At first glance, the viral video in which a white police officer takes a black teenager from a North Philly bus stop and puts him in a police cruiser seemed rather innocuous to me.
After all, police stop people all the time. If the person who is stopped is a young black man and the police release him without physical injury, I normally count that as a win. Still, there are injuries more insidious than the ones that cause physical scars, and I fear that this interaction may have injured this young man in ways we can’t see.
The incident took place around 3:25 p.m. on Sept. 12 at 23rd and Cecil B. Moore Avenue, and in watching the video quickly, I didn’t see anything that seemed out of order.
The officer who detained the young man did not harm the teen physically. He never drew his gun or deployed his Taser, and while he pushed the young man’s leg when the teen hesitated to get into the police vehicle, the officer never struck him with a fist or an open hand. Instead the officer poked his head into the back of the police vehicle and uttered the words “Why are you shaking?”
It was only after I replayed the video and heard this seemingly minor statement that it struck me. Perhaps the young man was shaking because he understood, just as most black people do, that the officer had the power to take his life. Maybe he quickly grasped that this moment in the back of a police vehicle could be his last. Perhaps he was recalling the videotaped deaths of Tamir Rice and Laquan McDonald, both young black males who died needlessly in police interactions.
In that moment, as the officer seemed to mock the young man’s fear, I thought of the emotional trauma black people have endured at the hands of police. It was then I understood why this video, which has been viewed more than 1.6 million times on Twitter, has drawn such a visceral reaction from the African American community.
Many black folks see ourselves in that young man.
I know this because I asked my radio audience on WURD to share the emotional scars they’ve suffered as a result of their own interactions with police.
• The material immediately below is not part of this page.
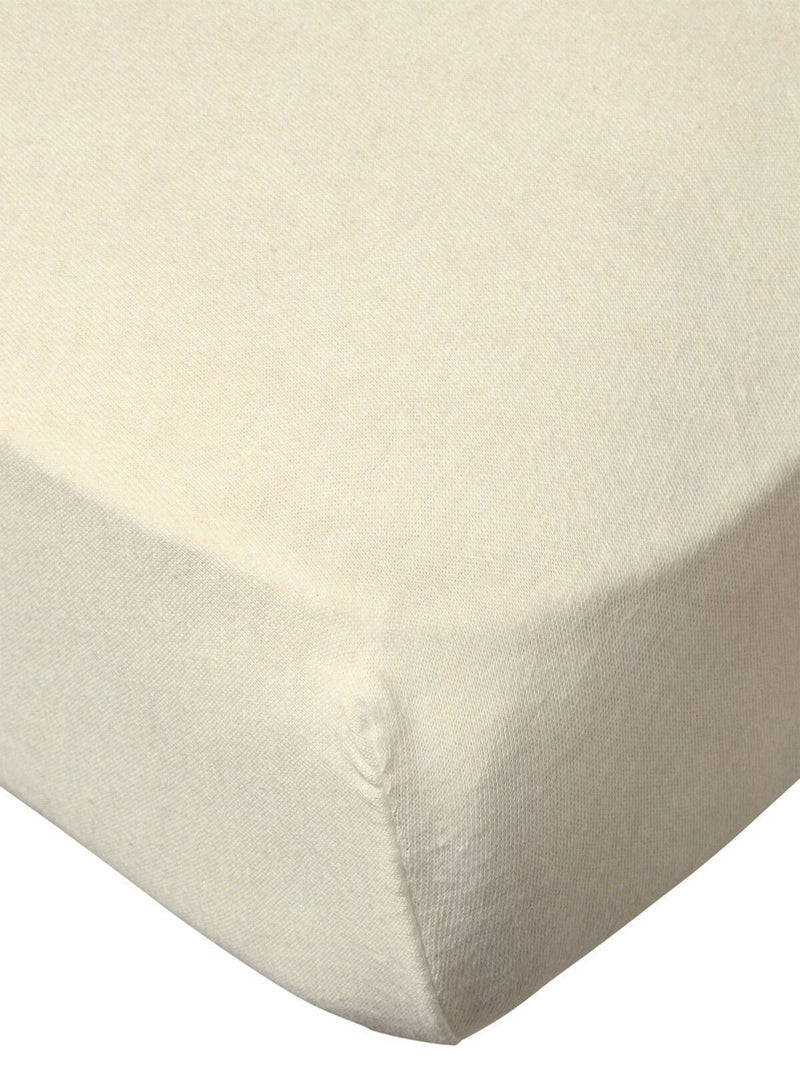 Drap housse bébé uni en coton doux - Babycalin Ecru - Kiabi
When I did, the floodgates opened. Black men, in particular, called in to talk.
One caller said that when he was a teenager, he saw an officer jump out of a police car and punch another black teen in the face before getting back in the car and driving away. Another caller said that when he and his brother were 10 and 9 years old, respectively, police picked them up and took them to be identified by a white woman whose purse had been snatched. When the woman said the boys weren’t the perpetrators, the officers took the boys to an area deep in Fishtown — then a poor white neighborhood — and left them there to find their way home during an era when doing so was dangerous.
Another caller said that he was falsely accused of raping a white woman in the 1990s and that police in suburban Philadelphia refused to look at evidence that would have proved the witness was lying. His voice cracking as he choked back tears, he said he was eventually cleared of the charges, but that the incident nearly destroyed him.
That’s why this video of a young black man being mocked by a white police officer is so impactful. It brings memories flooding back for black men who have buried their own emotional scars.
Perhaps for the unidentified teenager in the video, there will be justice. Or maybe we will learn that the stop was justified after police complete the internal affairs investigation they’ve begun in connection with the incident.